Den Anfang machte der bayerische Ministerpräsident Horst Seehofer (CSU), der sich zitieren lies mit den Worten, die Riester-Rente sei gescheitert und gehöre abgeschafft, wobei seine – nun ja – rentenpolitischen Ausführungen eher als ein Bild mit sehr groben Strichen bezeichnet werden muss und keine auch nur annähernd differenzierte Analyse. Aber zuweilen kommt es in der Politik ja auch eher auf das Gespür für das große Ganze an und nicht auf die Korrektheit der Details:

»CSU-Chef Horst Seehofer will in einer großen Rentenreform die Altersbezüge für breite Bevölkerungsschichten wieder erhöhen. Die Anfang des vergangenen Jahrzehnts beschlossene Kürzung des Rentenniveaus wird nach Seehofers Einschätzung dazu führen, „dass etwa die Hälfte der Bevölkerung in der Sozialhilfe landen würde“, sagte Seehofer in München. „Die Riester-Rente ist gescheitert“«, konnte man beispielsweise dem Artikel „Gescheitert“ – Seehofer will Riester-Rente abschaffen entnehmen. In dem Artikel wird der Hinweis gegeben, dass es sich wohl weniger um eine konsequente Schlussfolgerung aus der Vertiefung in die deutsche Rentenpolitik handelt, sondern vielmehr erkannt wurde, welche möglicherweise wählermobilisierenden Effekte das Versprechen einer Verbesserung der Lage für viele Ältere haben kann: »Die Rentenreform soll Teil eines großen Programms werden, mit der Seehofer verlorenes Vertrauen und verlorene Wähler für die Union zurückgewinnen will. Die Volksparteien hätten einst zusammen gut 80 Prozent der Wähler vertreten, derzeit sei es nur noch die Hälfte, sagte Seehofer nach der Eröffnung der neuen CSU-Zentrale in München zu den aktuellen Umfragewerten von Union und SPD. Die „Neoliberalisierung“ des vergangenen Jahrzehnts sei gescheitert, betonte der CSU-Chef.«

Man könnte auf die Idee kommen, dass das der Bundesarbeitsministerin Andrea Nahles (SPD) durchaus ins eigene Konzept passen müsste – denn hat es nicht in den vergangenen Jahren gerade in der SPD einen Prozess der kritischen Auseinandersetzung mit dem Paradigmenwechsel in der deutschen Rentenpolitik durch die rot-grünen Rentenreformen Anfang des neuen Jahrtausends, zu der auch die Einführung der staatlich gepamperten kapitalgedeckten privaten Altersvorsorge in  Gestalt der „Riester-Rente“ gehört, gegeben? Hat man nicht zunehmend verstanden, dass die damals beschlossene Absenkung des Rentenniveaus in der wichtigsten (und für manche eben auch einzigsten) Säule der Alterssicherung im komplexen Zusammenspiel mit den zahlreichen Verwerfungen auf den Arbeitsmärkten zu definitiver Altersarmut führen muss, worauf viele Rentenexperten seit Jahren hinweisen?

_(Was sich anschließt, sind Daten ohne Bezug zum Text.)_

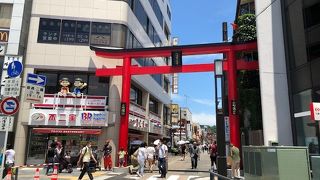 老舗と新しいお店が、ほど良く入り混じっている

Insofern müsste Ministerin Nahles großes Gefallen an der Seehoferschen Flanke finden müssen, sollen, können. Also eigentlich. Aber dann bekommt man unter der Überschrift Nahles garantiert die staatliche Riester-Rente so was zu lesen:

»Nahles warf Seehofer vor, mit seiner Kritik „16 Millionen Riester-Sparer verunsichert“ zu haben. Wer eine Riester-Rente abgeschlossen habe, habe alles richtig gemacht. Die Bundesregierung werde darauf achten, dass diejenigen, die vorsorgten, auch belohnt würden.« Und weiter: » In einem Interview versuchte sie, die Sparer zu beruhigen. „Der Staat garantiert, dass alle Riester-Inhaber ihr Geld ausgezahlt bekommen“, sagte Nahles der Bild am Sonntag.«

Ja ja, wird der eine oder andere einwerfen, da wird ein nicht vorhandener Konflikt aufgebaut, denn die Ministerin müsse doch nur das Selbstverständliche tun, also auf die rechtlichen Grundlagen hinweisen, nach denen die, die schon Riester-Sparer sind, keine – unberechtigten – Ängste haben müssen, dass das, was sie angespart haben (oder was sie glauben, gespart zu haben), nun auch vor der Abschaffung steht. Vertrauensschutz ist und wird gewährleistet. Eine entsprechende Formulierung findet man auch in dem Artikel: » In einem Interview versuchte sie, die Sparer zu beruhigen.« Aber selbst wenn Seehofer nicht so drin ist in den Details, wenn er von Abschaffung gesprochen hat, dann meint er sicher den Wegfall der Riester-Renten-Subventionierung für zukünftige Fälle. Das müsste dann doch wieder eine Schnittmenge mit Nahles ergeben.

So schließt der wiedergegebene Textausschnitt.